* Assignment *
Nothing but the lines from the one containing "Tesettür giyim KAHVE" through the end of the data should be retyped, exactly as they stand, and pictures should not be retyped.

* Data excerpt *

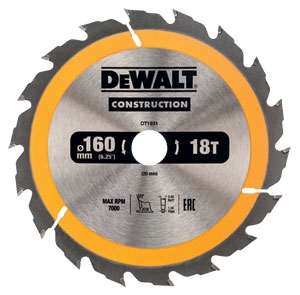 DeWALT Zubehör DT1931-QZ Kreissägeblatt 160 x 20 mm 18T ATB 20°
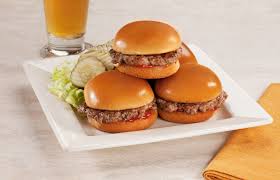 Bj S Small Deep Dish Pizza Sliders Four Beef Patties On Miniature Buns With Grilled Onions Lettuce Pickles And Ketchup Appetizers Grilled Onions Sliders Menu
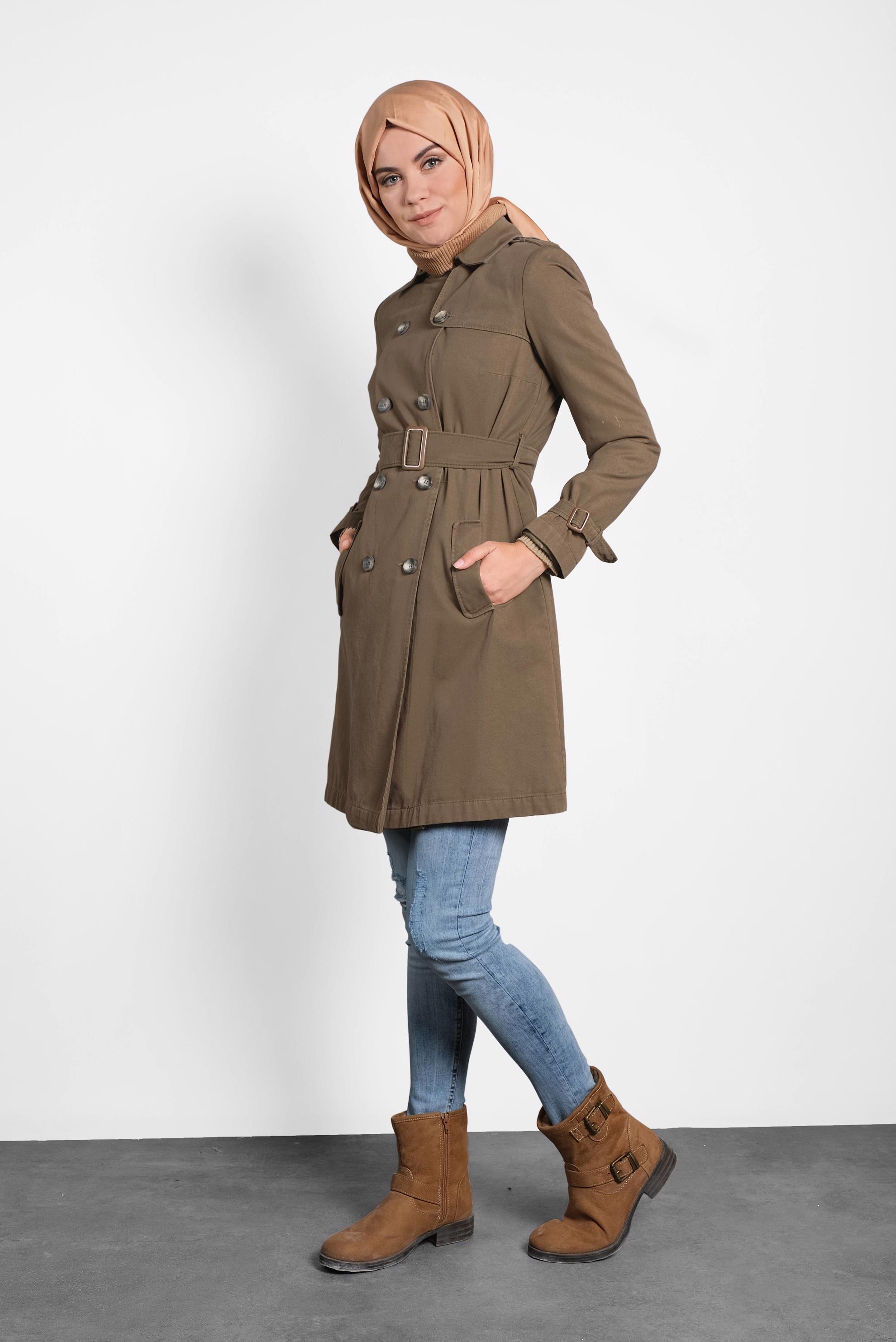 Tesettür giyim KAHVE PAMUKLU KRUVAZE TRENÇKOT 1427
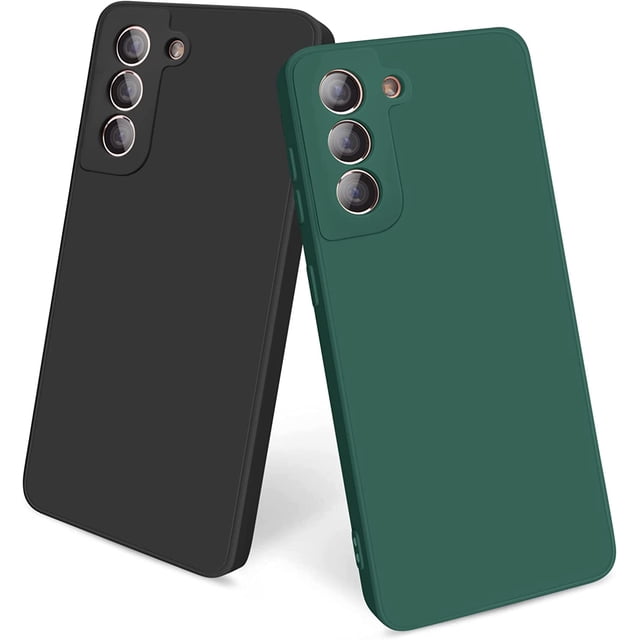 Funda de 2 Piezas para Samsung Galaxy S21 5G Funda de Silicona líquida, Funda Protectora para Samsung S21 con Forro de Microfibra antirrayas (Negro+Verde Oscuro) JM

* Finished task *
 Tesettür giyim KAHVE PAMUKLU KRUVAZE TRENÇKOT 1427
 Funda de 2 Piezas para Samsung Galaxy S21 5G Funda de Silicona líquida, Funda Protectora para Samsung S21 con Forro de Microfibra antirrayas (Negro+Verde Oscuro) JM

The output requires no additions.